News article

Sustainability Report published for inaugural UCI Cycling World Championships

June 13 2024

Glasgow’s hosting of the inaugural UCI Cycling World Championships in 2023 produced a carbon footprint of 61.1ktCO2e, with the majority of these emissions falling within scope 3 – relating to travel.

Sustainability Report published for inaugural UCI Cycling World Championships

The Championships’ carbon footprint was detailed as part of its recently published Sustainability Report.

Last year saw the first time all 13 individual UCI World Championships merged together into one event, which took place in Glasgow and across Scotland between August 3-13.

Utilising the International Cycling Union’s (UCI) Sustainability Impact Tracker to undertake an Environment, Social and Governance (ESG) assessment, the event was able to produce benchmark data that will benefit organisers of future combined UCI Cycling World Championships.

The Sustainability Impact Tracker was launched in August last year.
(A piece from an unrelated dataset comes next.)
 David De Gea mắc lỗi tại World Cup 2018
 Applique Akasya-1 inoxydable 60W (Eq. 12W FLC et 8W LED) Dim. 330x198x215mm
The assessment is mapped against the UN’s Sustainable Development Goals (SDGs), and demonstrated that the competition contributed to 14 of the 17 SDGs. Additionally, the championships saw the appointment of Event Delivery Partners Sustainability Champions to share knowledge and best practice between each event; the establishment of a Sustainable Procurement Code raising awareness of the minimum standards expected when it comes to sustainability, diversity and low carbon emissions; and the development of the ‘Good Food Charter’ as well as a network between the event’s delivery partners.

“Tackling climate change is one of the priorities of the UCI’s Agenda 2030, with one of our aims being to make our UCI World Championships carbon neutral or negative. To do this, we need a base to work from, and I am delighted that we have a solid Sustainability Report from the 2023 UCI Cycling World Championships,” said UCI President David Lappartient.

“The local organisers of last year’s inaugural UCI Cycling World Championships made great headway when it comes to sustainability and social responsibility, and I look forward to this momentum being continued at future UCI events.”

Approved in 2022, the UCI’s Agenda 2030 focuses on developing cycling and its events globally, as well as adopting extensive sustainability initiatives.

Not only did Glasgow’s hosting of the championships incorporate goals around environmental sustainability, but the report also highlighted organisers’ social commitments. The report found that 97% of people who attended the event felt it was inclusive; 93% of spectators with a disability found the event to be accessible; and as over 90% of events were non-ticketed, this facilitated greater access for all.

“The 2023 UCI Cycling World Championships aimed to champion sustainability in the world of sport, and we are proud of the effort we have made to drive meaningful change. The Sustainability Report provides useful insight, learnings and recommendations that will help deliver sustainable events and encourage innovation in the future,” commented UCI Cycling World Championships Chairman, Paul Bush OBE.

“Collaboration and partnership working were vital to achieving our sustainability objectives and I thank everyone, from our funding partners, event delivery partners and local authority hosts to the athletes and spectators, for all their help in delivering on our ambitions.”